What this task involves:
Only those lines in the data below from the line containing "Petit Coeur PLAT- Agate mousse - Taille M" through the line containing "Modern Metal Shoe", both included, should be restated word for word.

Records:
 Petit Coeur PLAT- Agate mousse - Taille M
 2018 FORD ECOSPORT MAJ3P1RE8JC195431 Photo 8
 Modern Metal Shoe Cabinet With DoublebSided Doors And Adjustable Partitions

...

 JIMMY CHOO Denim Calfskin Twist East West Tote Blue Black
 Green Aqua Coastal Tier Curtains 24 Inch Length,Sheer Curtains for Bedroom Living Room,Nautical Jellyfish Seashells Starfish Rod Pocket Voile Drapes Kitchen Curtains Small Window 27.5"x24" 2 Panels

* * *

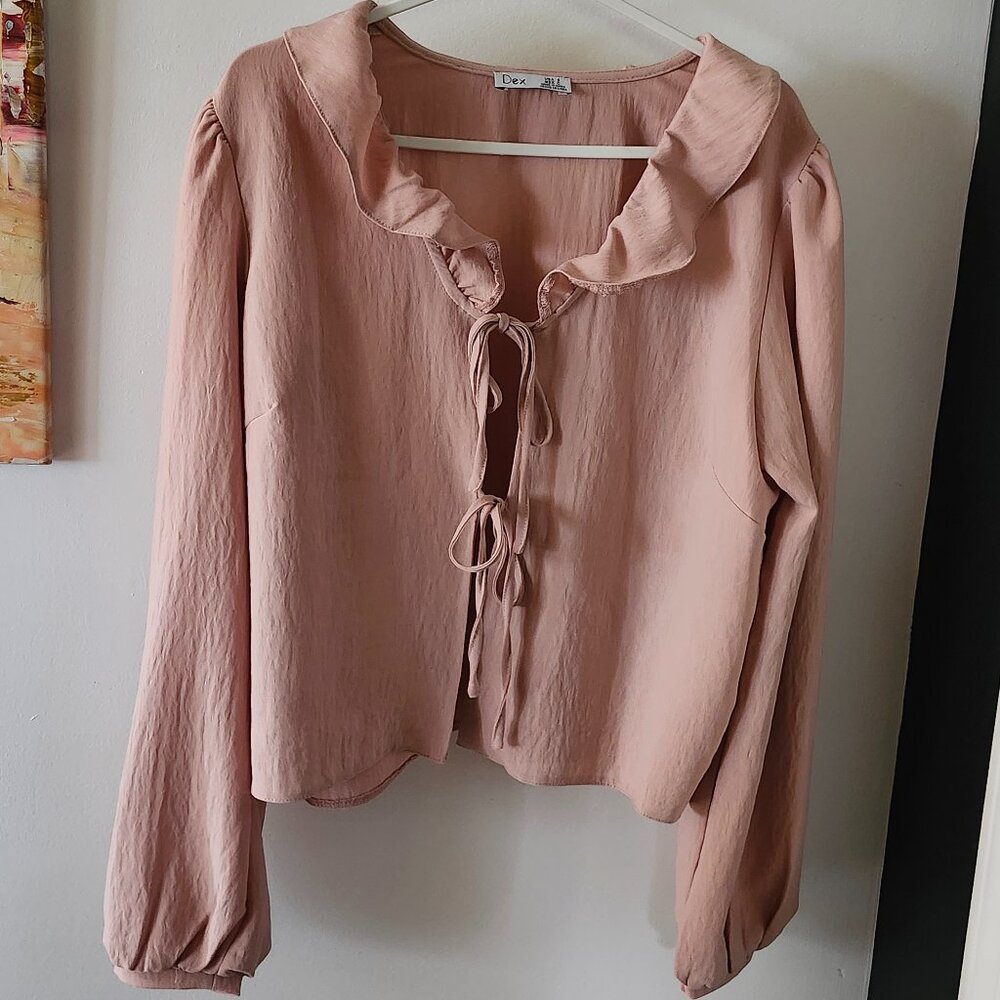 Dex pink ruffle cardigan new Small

Solution for this problem:
 Petit Coeur PLAT- Agate mousse - Taille M
 2018 FORD ECOSPORT MAJ3P1RE8JC195431 Photo 8
 Modern Metal Shoe Cabinet With DoublebSided Doors And Adjustable Partitions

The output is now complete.